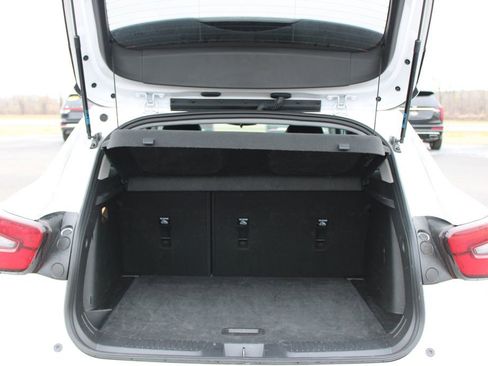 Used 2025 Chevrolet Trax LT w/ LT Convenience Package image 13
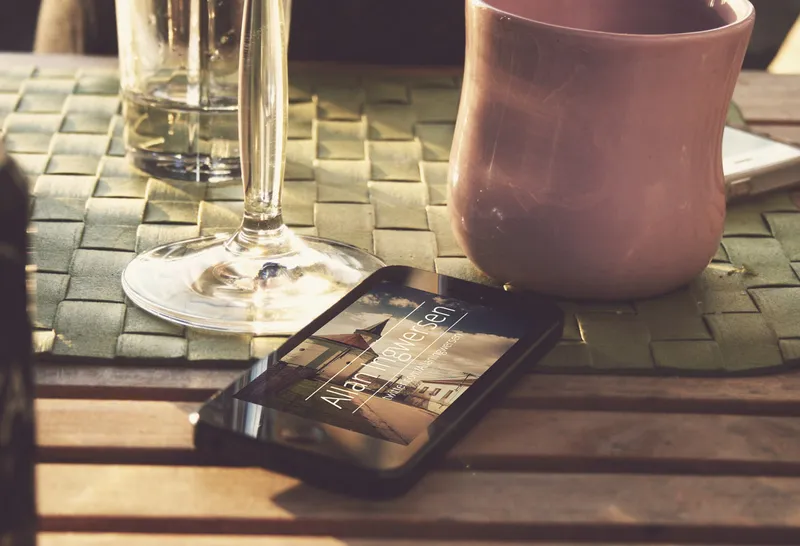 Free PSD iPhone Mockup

# # # # #

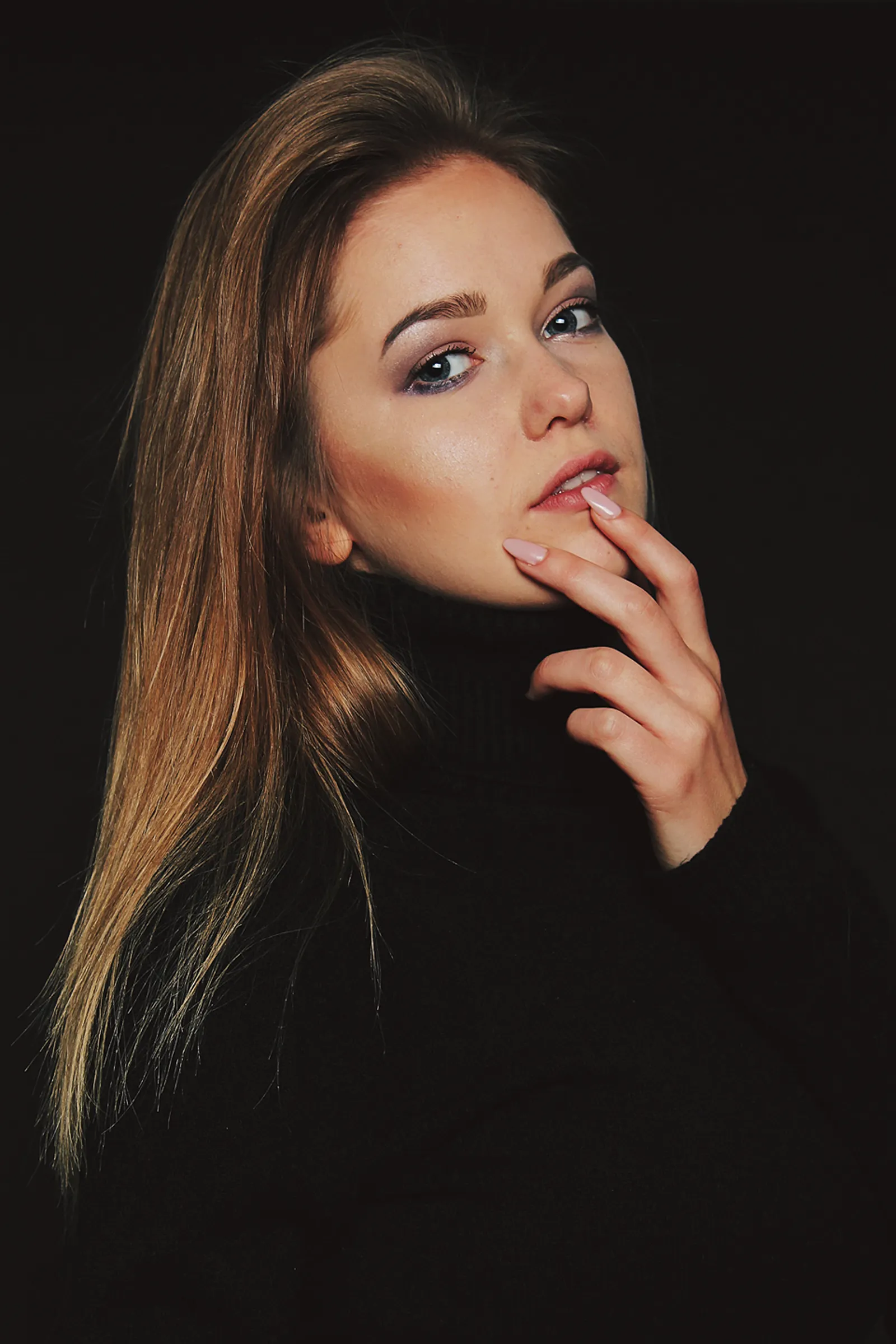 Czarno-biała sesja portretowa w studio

# # # # #

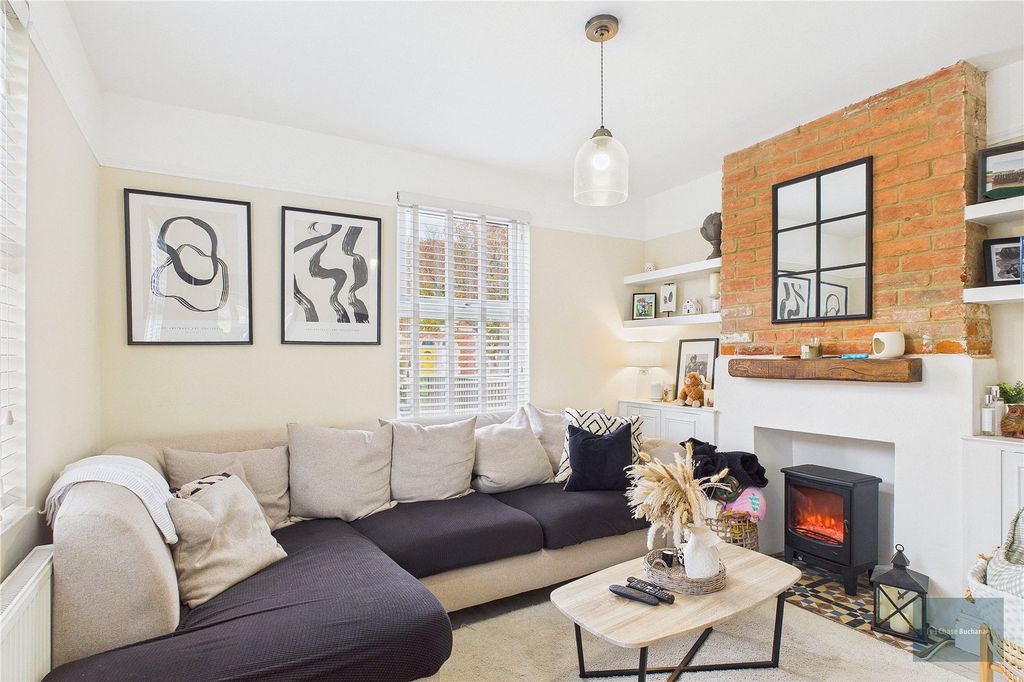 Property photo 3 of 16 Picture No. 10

# # # # #

◆ TASK OBJECTIVE ◆
Word for word, retype the lines in the entries above that run from the one with "Used 2025 Chevrolet" through the one with "Free PSD iPhone Mockup". Both ends count; pictures do not.

◆ WRITTEN ANSWER ◆
 Used 2025 Chevrolet Trax LT w/ LT Convenience Package image 13
 Free PSD iPhone Mockup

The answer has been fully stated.